It is hardly news that the world is a flow of matter, energy, and information. It is a foundational notion of most of the sciences, and especially of ecology, which has exerted particularly significant influence on anthropological thinking. I mention this because I would like to call attention to what a theoretically sophisticated understanding of the relatively neglected third of these might offer anthropology.
I say neglected, but it really hasn't been. Those things falling under the umbrella of information are part and parcel of just about everything anthropologists write. Whenever we talk about meaning, symbols, learning, communication, knowledge, worldview, languages, ideational systems, even social relationships, we are talking about things having to do, in some capacity, with information. What I suggest has been neglected is an explicitly information theoretic perspective (though I remain open to correction on this matter!). Nevertheless, it must be admitted before going forward that this is a road fraught with difficulty and uncertainty, because information is still poorly understood.
Just what is information? There are in fact many different inter-related notions of information, what it is, what it means, and how to measure it. We have the thermodynamic notion of information (or entropy) of physical systems, Shannon's mathematical communication theory, or MCT, algorithmic information theory, and a variety of problematical notions of semantic information.

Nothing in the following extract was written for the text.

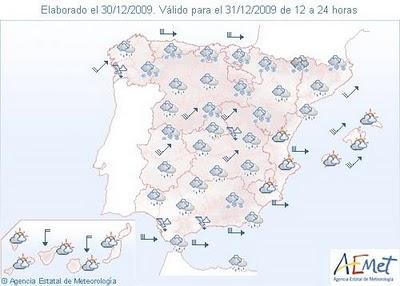 Nochevieja y Año Nuevo: lluvia, nieve y viento.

What are the connections between these, and what does it matter? Indeed, it is difficult to immediately see the connections between the entropy of a physical system (e.g. the thermodynamics of gas in a flask), the quantity of information conveyed by a signal over a telephone wire, the semantic information content of a sentence like "Jerry was frightened at the prospect of losing his pension.", the informational content of DNA, recipes, and computer programs, and the symbolic nature of holy communion or of the molimo. I do not pretend to have any final answers; in fact, it's an open area of contemporary research. But I think it's worth a look.
A few last words
I like to think of myself as belonging to anthropology's tribe, but my advanced training is not in anthropology, but in computer science, the science of information. I am in the middle of trying to finish my Masters thesis work in computer science, a task that has already taken far more time than it may be worth. In the future, I may dwell a lot on information, a topic at the heart of my thesis work. I hope that the good people here at the Open Anthropology Cooperative will find these discussions of sufficient interest to participate and comment, even if at times their connection to anthropology may seem tenuous. I will do my best to point out the connections where I see them. Those connections are, I hope, the ultimate justification of my research.
Finally, some of the work in information theory requires mathematical notation. Ning's blogging platform does not currently support LaTeX or many other advanced features. I put in a request to Ning that they support LaTeX equations, and they've responded that they think it a good idea and have forwarded the request to their engineers. So... we'll see what happens.